Der indirekte Zwang, der durch die Alltagsbeschränkungen für ungeimpfte Personen entsteht, reicht bei weitem nicht aus. Denn potenzielle Nachteile (Kontaktbeschränkungen etc.) werden sowieso nicht ausreichend geprüft und bestraft.
Neben den ganzen Alltagsbeschränkungen für ungeimpfte Personen sollte darüber hinaus noch das gelten:
Wer sich bewusst gegen eine kostenlose Präventivmaßnahme (Impfung) gegen das Coronavirus entscheidet, der sollte im Krankheitsfall auch seine Arztkosten/Krankenhauskosten selbst bezahlen.
Außerdem sollten bei der Vergabe der Intensivbetten klare Prioritäten gesetzt werden.. geimpfte Personen sollten im Krankheitsfall Priorität gegenüber ungeimpften Personen haben.
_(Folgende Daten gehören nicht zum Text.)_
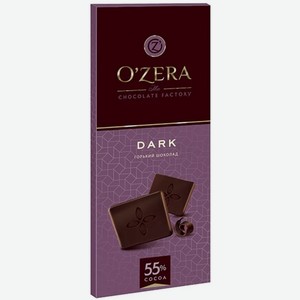 Шоколад OZera Dark горький 55%, 90 г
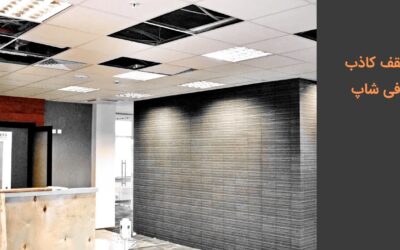 ۵ سقف کاذب کافی شاپ ارزان و مدرن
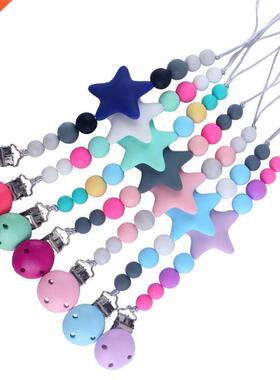 BPA Free Silicone Dummy Pacifier Clips Chain Big Star Pendan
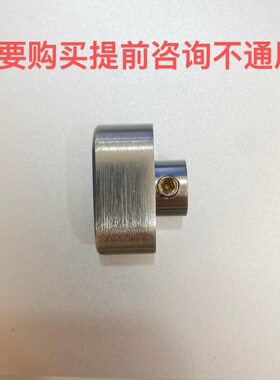 玻璃门锁芯配件锁芯旋钮旋转配件玻璃把手配件门用带把手锁芯配件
Aus Angst vor einer Privatinsolvenz (wegen hoher Krankenhausrechnungen) oder im Notfall alleine zu sterben, (weil man davor sich und seine Mitmenschen bewusst einem höheren Risiko ausgesetzt hat und deshalb keine Priorität für Intensivpflege hat) werden sich die meisten Menschen impfen lassen.
Die bisherigen Maßnahmen sind so gut wie wirkungslos. Das ist Fakt und sollte man sich traurigerweise eingestehen.
Da haben Sie Glück gehabt, Frau Schmitt. In Deutschland wird Ihnen die Impfung verweigert, wenn noch nicht 6 Monate verstrichen sind. So wie es für Unpriorisierte fast unmöglich war, vor Mitte Juli einen Erstimpftermin zu bekommen. Das sorgt natürlich für Frust beim Bürger. Große Worte werden geschwungen in der Politik in Ermangelung großer Taten.
Vielen Dank für diese Informationen!
Ich hoffe, dass alle unsere Bürger über die Impfung noch einmal richtig nachdenken (statt quer). Was ich vermisse sind klare Ansagen zum impfstoffspezifisch zeitlich unterschiedlich nachlassenden Wirkungsgrad. Da ich mich zur Zeit in Spanien aufhalte und meine 2. Astra-Impfung bereits 3 Monate zurücklag, habe ich einfach ein Impfzentrum besucht und nachgefragt. Dort erfuhr ich, dass ich mich sofort mit Pfizer Biontech boostern lassen kann. Das fand ich toll und natürlich nahm ich das Angebot an!